__Working data__.
----------------
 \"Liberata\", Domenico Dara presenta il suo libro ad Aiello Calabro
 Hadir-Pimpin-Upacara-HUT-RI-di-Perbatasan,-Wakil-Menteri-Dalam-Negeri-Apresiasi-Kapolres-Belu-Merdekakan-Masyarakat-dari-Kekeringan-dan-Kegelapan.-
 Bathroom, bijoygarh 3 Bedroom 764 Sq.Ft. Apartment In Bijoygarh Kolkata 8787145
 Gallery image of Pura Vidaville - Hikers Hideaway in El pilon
----------------
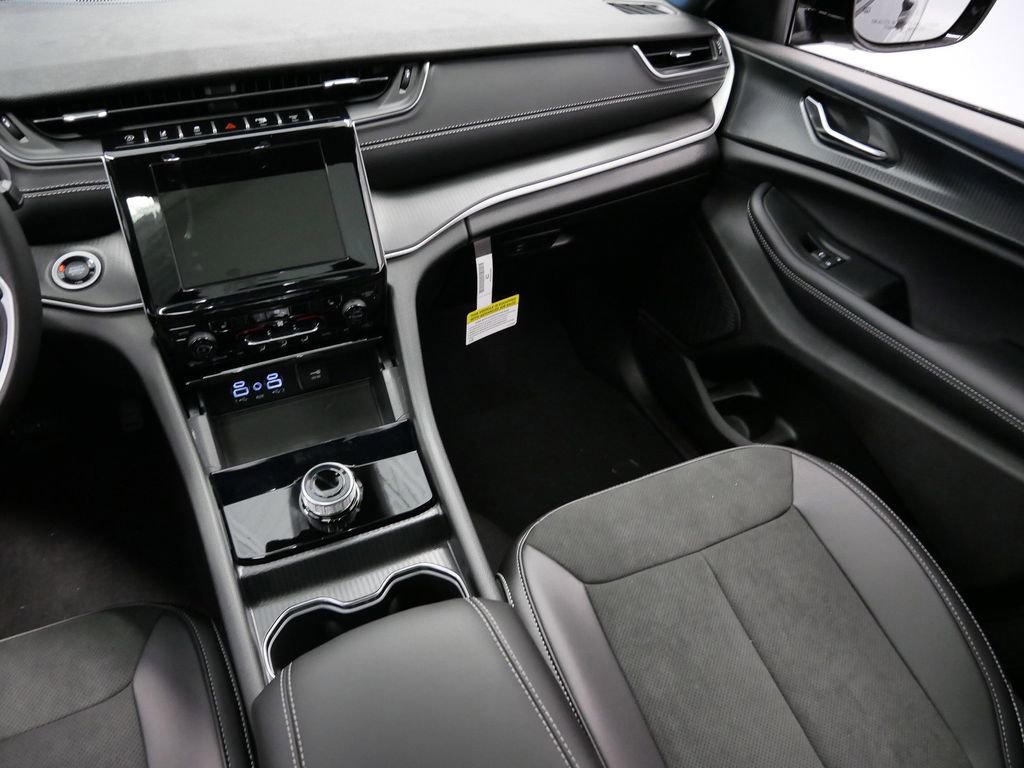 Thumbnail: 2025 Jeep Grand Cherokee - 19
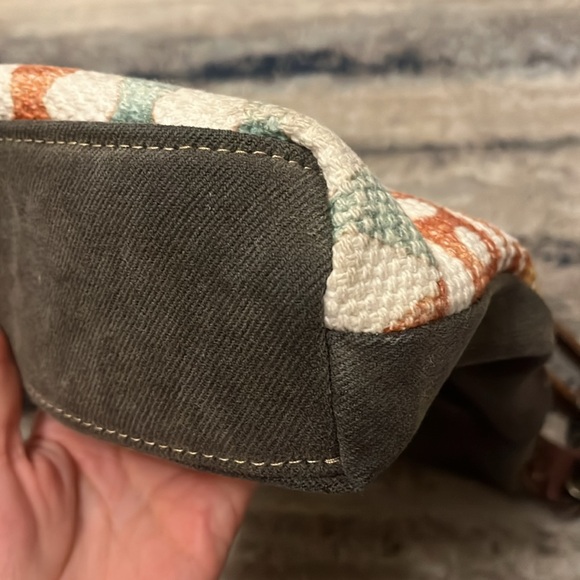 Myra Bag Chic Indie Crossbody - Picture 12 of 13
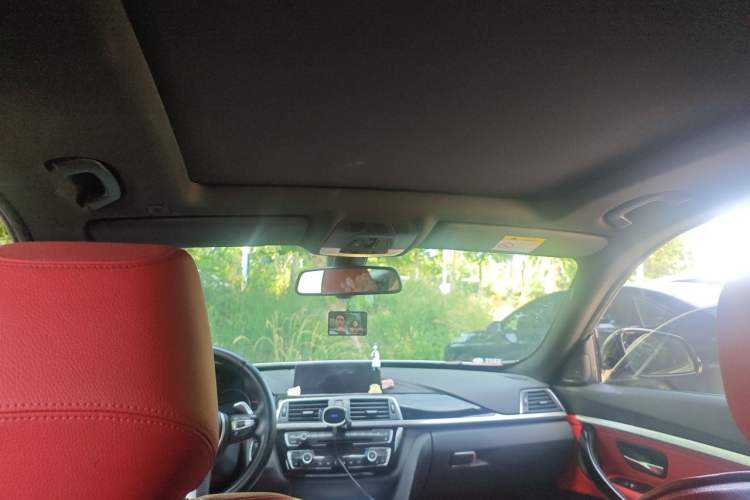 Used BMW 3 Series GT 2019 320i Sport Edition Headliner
----------------
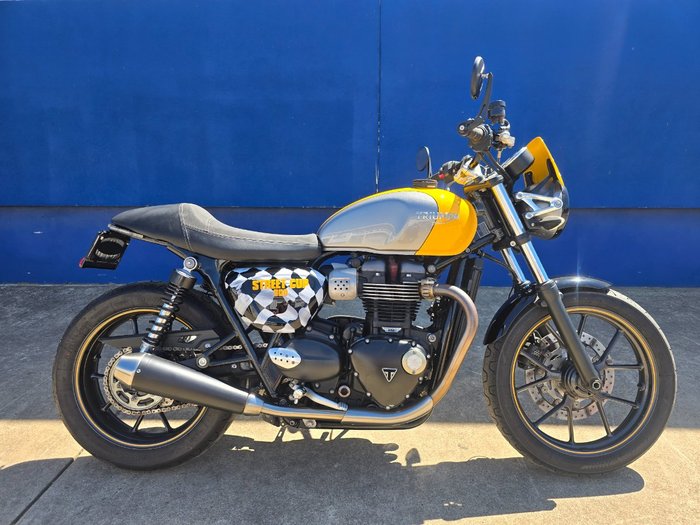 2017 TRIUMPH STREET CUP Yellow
----------------
Retype only the lines above from the one with "Myra Bag Chic" through the one with "Used BMW 3 Series", exactly and with both ends. Images stay out.

__Answer below__.
 Myra Bag Chic Indie Crossbody - Picture 12 of 13
 Used BMW 3 Series GT 2019 320i Sport Edition Headliner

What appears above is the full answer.